Records contained in a dataset:
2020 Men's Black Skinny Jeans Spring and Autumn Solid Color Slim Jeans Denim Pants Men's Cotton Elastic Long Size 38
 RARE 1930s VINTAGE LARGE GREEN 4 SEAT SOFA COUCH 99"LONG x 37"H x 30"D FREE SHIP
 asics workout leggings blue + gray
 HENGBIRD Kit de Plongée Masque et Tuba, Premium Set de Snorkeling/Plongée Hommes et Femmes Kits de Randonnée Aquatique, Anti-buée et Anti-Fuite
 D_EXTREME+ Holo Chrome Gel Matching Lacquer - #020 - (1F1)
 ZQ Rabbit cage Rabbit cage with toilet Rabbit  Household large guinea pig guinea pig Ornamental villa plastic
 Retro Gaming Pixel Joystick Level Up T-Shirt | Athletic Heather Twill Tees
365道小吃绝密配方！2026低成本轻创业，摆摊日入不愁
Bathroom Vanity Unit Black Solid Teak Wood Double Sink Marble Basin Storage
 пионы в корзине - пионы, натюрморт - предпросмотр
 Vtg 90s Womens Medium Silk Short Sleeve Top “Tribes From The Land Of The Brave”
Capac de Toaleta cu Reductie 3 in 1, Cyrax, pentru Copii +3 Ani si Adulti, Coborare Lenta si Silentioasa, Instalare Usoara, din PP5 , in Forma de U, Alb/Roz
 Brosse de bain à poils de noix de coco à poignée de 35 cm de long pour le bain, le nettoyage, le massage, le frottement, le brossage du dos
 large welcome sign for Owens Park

*Problem description*. Set the entries above down once more, exactly as they stand.

*Response to this task*.
2020 Men's Black Skinny Jeans Spring and Autumn Solid Color Slim Jeans Denim Pants Men's Cotton Elastic Long Size 38
 RARE 1930s VINTAGE LARGE GREEN 4 SEAT SOFA COUCH 99"LONG x 37"H x 30"D FREE SHIP
 asics workout leggings blue + gray
 HENGBIRD Kit de Plongée Masque et Tuba, Premium Set de Snorkeling/Plongée Hommes et Femmes Kits de Randonnée Aquatique, Anti-buée et Anti-Fuite
 D_EXTREME+ Holo Chrome Gel Matching Lacquer - #020 - (1F1)
 ZQ Rabbit cage Rabbit cage with toilet Rabbit  Household large guinea pig guinea pig Ornamental villa plastic
 Retro Gaming Pixel Joystick Level Up T-Shirt | Athletic Heather Twill Tees
365道小吃绝密配方！2026低成本轻创业，摆摊日入不愁
Bathroom Vanity Unit Black Solid Teak Wood Double Sink Marble Basin Storage
 пионы в корзине - пионы, натюрморт - предпросмотр
 Vtg 90s Womens Medium Silk Short Sleeve Top “Tribes From The Land Of The Brave”
Capac de Toaleta cu Reductie 3 in 1, Cyrax, pentru Copii +3 Ani si Adulti, Coborare Lenta si Silentioasa, Instalare Usoara, din PP5 , in Forma de U, Alb/Roz
 Brosse de bain à poils de noix de coco à poignée de 35 cm de long pour le bain, le nettoyage, le massage, le frottement, le brossage du dos
 large welcome sign for Owens Park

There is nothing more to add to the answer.